My cousin ran crying to my parent's house and told my my mother what had happened. She stayed there that night and the next morning went straight down to the docks to meet her dad and told him what her mother and uncle had been doing. According to my cousin, my uncle, being the stoic, stalwart Dane he was, simply walked into their house, walked right by his cheating wife without saying a word, packed his bags and flew back to Denmark never to return. Of course the POS brother had slunk away the moment he was caught the day before and no one ever saw him again either. 
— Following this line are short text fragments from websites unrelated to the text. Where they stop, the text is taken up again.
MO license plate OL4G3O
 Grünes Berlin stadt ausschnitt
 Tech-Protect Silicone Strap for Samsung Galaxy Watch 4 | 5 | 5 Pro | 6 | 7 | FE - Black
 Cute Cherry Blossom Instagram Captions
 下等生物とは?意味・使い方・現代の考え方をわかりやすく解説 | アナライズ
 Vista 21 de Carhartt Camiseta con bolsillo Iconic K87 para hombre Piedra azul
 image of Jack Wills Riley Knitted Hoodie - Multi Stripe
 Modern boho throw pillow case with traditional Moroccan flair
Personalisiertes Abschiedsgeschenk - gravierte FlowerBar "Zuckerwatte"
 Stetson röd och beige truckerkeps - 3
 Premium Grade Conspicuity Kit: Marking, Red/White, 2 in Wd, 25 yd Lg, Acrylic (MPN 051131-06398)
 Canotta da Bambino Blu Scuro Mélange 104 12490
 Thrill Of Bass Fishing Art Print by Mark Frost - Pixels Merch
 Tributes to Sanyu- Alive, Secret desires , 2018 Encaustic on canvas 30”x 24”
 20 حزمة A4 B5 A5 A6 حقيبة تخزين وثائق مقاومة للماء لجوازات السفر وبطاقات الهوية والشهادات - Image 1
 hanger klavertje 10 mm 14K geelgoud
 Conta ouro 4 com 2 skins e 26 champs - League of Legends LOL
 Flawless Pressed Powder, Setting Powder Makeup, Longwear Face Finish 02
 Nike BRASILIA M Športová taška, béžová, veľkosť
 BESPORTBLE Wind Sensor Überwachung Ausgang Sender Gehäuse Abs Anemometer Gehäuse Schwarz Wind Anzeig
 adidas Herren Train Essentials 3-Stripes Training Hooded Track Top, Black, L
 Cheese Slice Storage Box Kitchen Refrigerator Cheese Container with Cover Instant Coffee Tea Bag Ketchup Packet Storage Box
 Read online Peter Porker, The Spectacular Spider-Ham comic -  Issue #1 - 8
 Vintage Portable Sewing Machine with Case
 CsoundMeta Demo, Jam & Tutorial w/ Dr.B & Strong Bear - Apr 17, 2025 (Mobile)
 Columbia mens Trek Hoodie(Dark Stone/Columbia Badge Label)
That was back in '92 or so, and my aunt has lived alone since that time. Strangely, my uncle never divorced her. They are still legally married. However my uncle is now living in Denmark with a much younger woman than my aunt, and even has two teenage children by her. My aunt was eventually forgiven by her daughter and the rest of the family, but she is a hollow shell of her former self. She lives alone in that house by the sea, and last time I visited her she looked like a ghost. Very sad.


----------



## The Middleman (Apr 30, 2012)

Lordhavok said:


> A friend of mine in high school had a buddy. He was crazy about this chick tabitha. Tabitha was probably the biggest wh*re in town. In high school she let half the football team run a train on her, after high school she was with different guys every other night on the party scene. This freind of mines buddy was so crazy about her, thought he could change her, he wanted to marry her, thought she was ready to settle down. Keep in mind (I kid you not) this chicks numbers was in the triple digits, over a hundred. She had the nerve to withhold sex when she was pissy about something, wouldnt do this or that. And this poor b*stard cant even walk to the store for a pack of smokes without running into 20 or so guys thats dropped loads in her. Of course he caught her cheating time and time again. And he couldnt take it anymore, he blew his brains out. Within 2 months she was back in the clubs going off with different guys like it was nothing.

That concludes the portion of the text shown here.